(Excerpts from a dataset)
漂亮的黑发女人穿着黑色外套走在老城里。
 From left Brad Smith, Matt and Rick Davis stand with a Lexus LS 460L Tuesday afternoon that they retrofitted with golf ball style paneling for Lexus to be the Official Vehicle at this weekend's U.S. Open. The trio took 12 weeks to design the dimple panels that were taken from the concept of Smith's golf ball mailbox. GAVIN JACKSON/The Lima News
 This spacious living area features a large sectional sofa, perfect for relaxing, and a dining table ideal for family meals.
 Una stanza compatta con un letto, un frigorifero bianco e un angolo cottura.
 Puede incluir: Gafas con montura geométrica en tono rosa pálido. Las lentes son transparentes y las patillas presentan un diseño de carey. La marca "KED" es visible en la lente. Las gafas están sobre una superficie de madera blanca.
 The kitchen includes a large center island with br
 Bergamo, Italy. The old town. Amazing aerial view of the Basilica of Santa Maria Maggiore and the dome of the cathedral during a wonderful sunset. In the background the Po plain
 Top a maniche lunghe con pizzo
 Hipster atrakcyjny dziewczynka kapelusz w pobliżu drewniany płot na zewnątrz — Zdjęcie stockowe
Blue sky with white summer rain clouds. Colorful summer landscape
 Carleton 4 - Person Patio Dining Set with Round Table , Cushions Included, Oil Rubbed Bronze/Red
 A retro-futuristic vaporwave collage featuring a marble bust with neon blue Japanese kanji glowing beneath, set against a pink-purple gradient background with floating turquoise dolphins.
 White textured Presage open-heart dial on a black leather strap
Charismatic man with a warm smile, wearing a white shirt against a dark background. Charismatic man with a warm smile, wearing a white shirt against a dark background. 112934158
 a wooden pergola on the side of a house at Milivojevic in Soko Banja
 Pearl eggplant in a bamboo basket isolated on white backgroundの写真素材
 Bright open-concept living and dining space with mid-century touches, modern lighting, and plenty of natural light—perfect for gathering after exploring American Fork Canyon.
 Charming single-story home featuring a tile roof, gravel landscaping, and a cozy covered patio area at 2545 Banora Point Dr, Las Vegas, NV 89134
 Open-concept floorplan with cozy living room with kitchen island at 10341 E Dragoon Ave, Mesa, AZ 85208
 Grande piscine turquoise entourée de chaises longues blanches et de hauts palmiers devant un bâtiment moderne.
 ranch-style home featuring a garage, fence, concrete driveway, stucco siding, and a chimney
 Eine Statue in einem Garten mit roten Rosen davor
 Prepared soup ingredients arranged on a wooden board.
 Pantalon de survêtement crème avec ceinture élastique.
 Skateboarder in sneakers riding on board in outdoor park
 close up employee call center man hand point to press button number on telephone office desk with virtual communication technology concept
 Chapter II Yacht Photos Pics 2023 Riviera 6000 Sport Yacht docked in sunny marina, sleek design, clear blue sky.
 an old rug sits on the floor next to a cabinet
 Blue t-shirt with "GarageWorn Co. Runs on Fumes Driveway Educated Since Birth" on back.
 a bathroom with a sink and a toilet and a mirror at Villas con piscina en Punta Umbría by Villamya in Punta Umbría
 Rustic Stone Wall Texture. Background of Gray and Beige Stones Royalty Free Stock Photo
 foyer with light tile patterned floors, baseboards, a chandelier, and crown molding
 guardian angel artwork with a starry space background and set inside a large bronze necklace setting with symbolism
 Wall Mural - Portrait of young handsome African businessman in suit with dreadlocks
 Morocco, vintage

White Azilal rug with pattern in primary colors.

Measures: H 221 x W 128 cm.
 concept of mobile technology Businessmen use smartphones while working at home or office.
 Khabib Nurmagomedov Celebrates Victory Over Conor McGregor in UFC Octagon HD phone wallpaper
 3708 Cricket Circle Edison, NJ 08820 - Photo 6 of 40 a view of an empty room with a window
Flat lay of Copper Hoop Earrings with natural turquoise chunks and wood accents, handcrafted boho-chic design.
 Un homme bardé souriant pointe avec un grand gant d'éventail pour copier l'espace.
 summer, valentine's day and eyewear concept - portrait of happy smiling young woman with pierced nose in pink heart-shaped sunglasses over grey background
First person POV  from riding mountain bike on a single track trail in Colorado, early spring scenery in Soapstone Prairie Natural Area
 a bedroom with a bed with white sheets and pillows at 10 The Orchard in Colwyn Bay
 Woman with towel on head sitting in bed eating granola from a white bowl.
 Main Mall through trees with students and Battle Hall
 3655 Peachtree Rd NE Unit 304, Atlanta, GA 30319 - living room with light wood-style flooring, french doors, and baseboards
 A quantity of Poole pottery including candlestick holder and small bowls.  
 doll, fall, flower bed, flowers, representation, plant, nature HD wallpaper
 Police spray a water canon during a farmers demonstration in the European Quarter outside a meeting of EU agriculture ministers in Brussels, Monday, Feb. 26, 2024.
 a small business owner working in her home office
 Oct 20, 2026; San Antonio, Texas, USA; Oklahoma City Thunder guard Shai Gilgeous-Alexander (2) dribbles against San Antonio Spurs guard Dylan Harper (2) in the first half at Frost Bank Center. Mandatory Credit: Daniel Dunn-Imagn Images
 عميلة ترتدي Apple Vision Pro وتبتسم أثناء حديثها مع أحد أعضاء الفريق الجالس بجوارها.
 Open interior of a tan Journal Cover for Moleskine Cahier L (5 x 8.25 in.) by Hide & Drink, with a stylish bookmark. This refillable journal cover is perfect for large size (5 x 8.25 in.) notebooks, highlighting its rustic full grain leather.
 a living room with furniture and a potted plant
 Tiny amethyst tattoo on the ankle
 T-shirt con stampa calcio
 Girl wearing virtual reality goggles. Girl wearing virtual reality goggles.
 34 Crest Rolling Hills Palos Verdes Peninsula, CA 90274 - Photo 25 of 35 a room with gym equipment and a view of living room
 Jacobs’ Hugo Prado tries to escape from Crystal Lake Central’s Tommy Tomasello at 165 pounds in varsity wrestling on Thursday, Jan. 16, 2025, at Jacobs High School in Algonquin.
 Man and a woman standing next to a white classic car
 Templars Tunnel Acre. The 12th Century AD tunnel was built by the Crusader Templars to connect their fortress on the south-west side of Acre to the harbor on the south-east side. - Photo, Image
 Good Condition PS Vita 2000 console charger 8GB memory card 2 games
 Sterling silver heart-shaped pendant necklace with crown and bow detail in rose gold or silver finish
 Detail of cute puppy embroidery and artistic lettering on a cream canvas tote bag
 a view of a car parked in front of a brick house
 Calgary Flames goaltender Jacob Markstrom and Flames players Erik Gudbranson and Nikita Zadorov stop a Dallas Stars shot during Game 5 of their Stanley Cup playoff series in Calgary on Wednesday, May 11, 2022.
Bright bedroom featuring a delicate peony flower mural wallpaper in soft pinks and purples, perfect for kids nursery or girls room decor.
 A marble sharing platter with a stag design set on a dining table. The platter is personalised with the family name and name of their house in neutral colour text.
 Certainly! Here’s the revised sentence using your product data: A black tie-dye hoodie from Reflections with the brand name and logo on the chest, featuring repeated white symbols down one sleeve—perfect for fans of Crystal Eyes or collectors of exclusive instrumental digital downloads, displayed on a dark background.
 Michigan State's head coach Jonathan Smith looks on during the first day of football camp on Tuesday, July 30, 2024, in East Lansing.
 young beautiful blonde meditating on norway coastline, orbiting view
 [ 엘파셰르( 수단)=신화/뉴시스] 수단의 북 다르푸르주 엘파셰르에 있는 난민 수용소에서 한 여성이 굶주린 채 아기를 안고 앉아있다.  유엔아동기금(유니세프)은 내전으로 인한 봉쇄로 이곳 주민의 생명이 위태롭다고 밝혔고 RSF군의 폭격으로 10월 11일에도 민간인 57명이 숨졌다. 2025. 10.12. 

> YOUR OBJECTIVE: All lines of the data above must be returned exactly.

> RESPONSE BOX:
漂亮的黑发女人穿着黑色外套走在老城里。
 From left Brad Smith, Matt and Rick Davis stand with a Lexus LS 460L Tuesday afternoon that they retrofitted with golf ball style paneling for Lexus to be the Official Vehicle at this weekend's U.S. Open. The trio took 12 weeks to design the dimple panels that were taken from the concept of Smith's golf ball mailbox. GAVIN JACKSON/The Lima News
 This spacious living area features a large sectional sofa, perfect for relaxing, and a dining table ideal for family meals.
 Una stanza compatta con un letto, un frigorifero bianco e un angolo cottura.
 Puede incluir: Gafas con montura geométrica en tono rosa pálido. Las lentes son transparentes y las patillas presentan un diseño de carey. La marca "KED" es visible en la lente. Las gafas están sobre una superficie de madera blanca.
 The kitchen includes a large center island with br
 Bergamo, Italy. The old town. Amazing aerial view of the Basilica of Santa Maria Maggiore and the dome of the cathedral during a wonderful sunset. In the background the Po plain
 Top a maniche lunghe con pizzo
 Hipster atrakcyjny dziewczynka kapelusz w pobliżu drewniany płot na zewnątrz — Zdjęcie stockowe
Blue sky with white summer rain clouds. Colorful summer landscape
 Carleton 4 - Person Patio Dining Set with Round Table , Cushions Included, Oil Rubbed Bronze/Red
 A retro-futuristic vaporwave collage featuring a marble bust with neon blue Japanese kanji glowing beneath, set against a pink-purple gradient background with floating turquoise dolphins.
 White textured Presage open-heart dial on a black leather strap
Charismatic man with a warm smile, wearing a white shirt against a dark background. Charismatic man with a warm smile, wearing a white shirt against a dark background. 112934158
 a wooden pergola on the side of a house at Milivojevic in Soko Banja
 Pearl eggplant in a bamboo basket isolated on white backgroundの写真素材
 Bright open-concept living and dining space with mid-century touches, modern lighting, and plenty of natural light—perfect for gathering after exploring American Fork Canyon.
 Charming single-story home featuring a tile roof, gravel landscaping, and a cozy covered patio area at 2545 Banora Point Dr, Las Vegas, NV 89134
 Open-concept floorplan with cozy living room with kitchen island at 10341 E Dragoon Ave, Mesa, AZ 85208
 Grande piscine turquoise entourée de chaises longues blanches et de hauts palmiers devant un bâtiment moderne.
 ranch-style home featuring a garage, fence, concrete driveway, stucco siding, and a chimney
 Eine Statue in einem Garten mit roten Rosen davor
 Prepared soup ingredients arranged on a wooden board.
 Pantalon de survêtement crème avec ceinture élastique.
 Skateboarder in sneakers riding on board in outdoor park
 close up employee call center man hand point to press button number on telephone office desk with virtual communication technology concept
 Chapter II Yacht Photos Pics 2023 Riviera 6000 Sport Yacht docked in sunny marina, sleek design, clear blue sky.
 an old rug sits on the floor next to a cabinet
 Blue t-shirt with "GarageWorn Co. Runs on Fumes Driveway Educated Since Birth" on back.
 a bathroom with a sink and a toilet and a mirror at Villas con piscina en Punta Umbría by Villamya in Punta Umbría
 Rustic Stone Wall Texture. Background of Gray and Beige Stones Royalty Free Stock Photo
 foyer with light tile patterned floors, baseboards, a chandelier, and crown molding
 guardian angel artwork with a starry space background and set inside a large bronze necklace setting with symbolism
 Wall Mural - Portrait of young handsome African businessman in suit with dreadlocks
 Morocco, vintage

White Azilal rug with pattern in primary colors.

Measures: H 221 x W 128 cm.
 concept of mobile technology Businessmen use smartphones while working at home or office.
 Khabib Nurmagomedov Celebrates Victory Over Conor McGregor in UFC Octagon HD phone wallpaper
 3708 Cricket Circle Edison, NJ 08820 - Photo 6 of 40 a view of an empty room with a window
Flat lay of Copper Hoop Earrings with natural turquoise chunks and wood accents, handcrafted boho-chic design.
 Un homme bardé souriant pointe avec un grand gant d'éventail pour copier l'espace.
 summer, valentine's day and eyewear concept - portrait of happy smiling young woman with pierced nose in pink heart-shaped sunglasses over grey background
First person POV  from riding mountain bike on a single track trail in Colorado, early spring scenery in Soapstone Prairie Natural Area
 a bedroom with a bed with white sheets and pillows at 10 The Orchard in Colwyn Bay
 Woman with towel on head sitting in bed eating granola from a white bowl.
 Main Mall through trees with students and Battle Hall
 3655 Peachtree Rd NE Unit 304, Atlanta, GA 30319 - living room with light wood-style flooring, french doors, and baseboards
 A quantity of Poole pottery including candlestick holder and small bowls.  
 doll, fall, flower bed, flowers, representation, plant, nature HD wallpaper
 Police spray a water canon during a farmers demonstration in the European Quarter outside a meeting of EU agriculture ministers in Brussels, Monday, Feb. 26, 2024.
 a small business owner working in her home office
 Oct 20, 2026; San Antonio, Texas, USA; Oklahoma City Thunder guard Shai Gilgeous-Alexander (2) dribbles against San Antonio Spurs guard Dylan Harper (2) in the first half at Frost Bank Center. Mandatory Credit: Daniel Dunn-Imagn Images
 عميلة ترتدي Apple Vision Pro وتبتسم أثناء حديثها مع أحد أعضاء الفريق الجالس بجوارها.
 Open interior of a tan Journal Cover for Moleskine Cahier L (5 x 8.25 in.) by Hide & Drink, with a stylish bookmark. This refillable journal cover is perfect for large size (5 x 8.25 in.) notebooks, highlighting its rustic full grain leather.
 a living room with furniture and a potted plant
 Tiny amethyst tattoo on the ankle
 T-shirt con stampa calcio
 Girl wearing virtual reality goggles. Girl wearing virtual reality goggles.
 34 Crest Rolling Hills Palos Verdes Peninsula, CA 90274 - Photo 25 of 35 a room with gym equipment and a view of living room
 Jacobs’ Hugo Prado tries to escape from Crystal Lake Central’s Tommy Tomasello at 165 pounds in varsity wrestling on Thursday, Jan. 16, 2025, at Jacobs High School in Algonquin.
 Man and a woman standing next to a white classic car
 Templars Tunnel Acre. The 12th Century AD tunnel was built by the Crusader Templars to connect their fortress on the south-west side of Acre to the harbor on the south-east side. - Photo, Image
 Good Condition PS Vita 2000 console charger 8GB memory card 2 games
 Sterling silver heart-shaped pendant necklace with crown and bow detail in rose gold or silver finish
 Detail of cute puppy embroidery and artistic lettering on a cream canvas tote bag
 a view of a car parked in front of a brick house
 Calgary Flames goaltender Jacob Markstrom and Flames players Erik Gudbranson and Nikita Zadorov stop a Dallas Stars shot during Game 5 of their Stanley Cup playoff series in Calgary on Wednesday, May 11, 2022.
Bright bedroom featuring a delicate peony flower mural wallpaper in soft pinks and purples, perfect for kids nursery or girls room decor.
 A marble sharing platter with a stag design set on a dining table. The platter is personalised with the family name and name of their house in neutral colour text.
 Certainly! Here’s the revised sentence using your product data: A black tie-dye hoodie from Reflections with the brand name and logo on the chest, featuring repeated white symbols down one sleeve—perfect for fans of Crystal Eyes or collectors of exclusive instrumental digital downloads, displayed on a dark background.
 Michigan State's head coach Jonathan Smith looks on during the first day of football camp on Tuesday, July 30, 2024, in East Lansing.
 young beautiful blonde meditating on norway coastline, orbiting view
 [ 엘파셰르( 수단)=신화/뉴시스] 수단의 북 다르푸르주 엘파셰르에 있는 난민 수용소에서 한 여성이 굶주린 채 아기를 안고 앉아있다.  유엔아동기금(유니세프)은 내전으로 인한 봉쇄로 이곳 주민의 생명이 위태롭다고 밝혔고 RSF군의 폭격으로 10월 11일에도 민간인 57명이 숨졌다. 2025. 10.12. 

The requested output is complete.